Discipline: Literature – fiction
Region: Vancouver, CANADA
MacDowell Fellowships: 1989

Linda Svendsen is a Canadian screenwriter and author. She was born in Vancouver, British Columbia and has lived there for most of her life. Her works include many critically acclaimed short stories. Her stories were anthologized and published in magazines such as Atlantic Monthly and Saturday Night. She won first prize in the American Short Story Contest in 1980, and was a three-time finalist for the O. Henry Awards. In 1992, she published a book called Marine Life, which was also translated into German which was a finalist for the 1993 Ethel Wilson Fiction Prize. In 2000, Marine Life was adapted into a film starring Cybill Shepherd and Peter Outerbridge. Svendsen wrote the television film adaptation of The Diviners as well as the miniseries Human Cargo and the television film At the End of the Day: The Sue Rodriguez Story. She won a Gemini Award for the Human Cargo screenplay. She also teaches creative writing at the University of British Columbia.

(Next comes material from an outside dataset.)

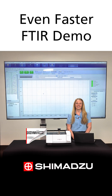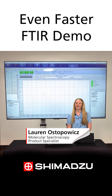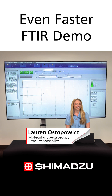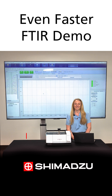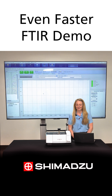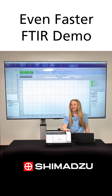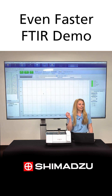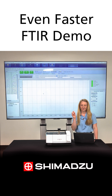Hi, I'm Lauren Ostapovich, the Molecular Spectroscopy Product Specialist here at Shimadzu Scientific Instruments. Thanks for joining us on this fast FTIR demo. I'm working with the IR Spirit to identify our unknown sample.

Portrait by Michael O'Shea

Studios

Cheney

Linda Svendsen worked in the Cheney studio.

Cheney Studio was given to MacDowell by Mrs. Benjamin P. Cheney and Mrs. Karl Kauffman. Like Barnard Studio, Cheney is a low, broadly massed bungalow. Sited on a steep westward slope, its porches are supported on wooden posts and fieldstone with lattices. Although it still retains its appealing character, the original design of the shingled building…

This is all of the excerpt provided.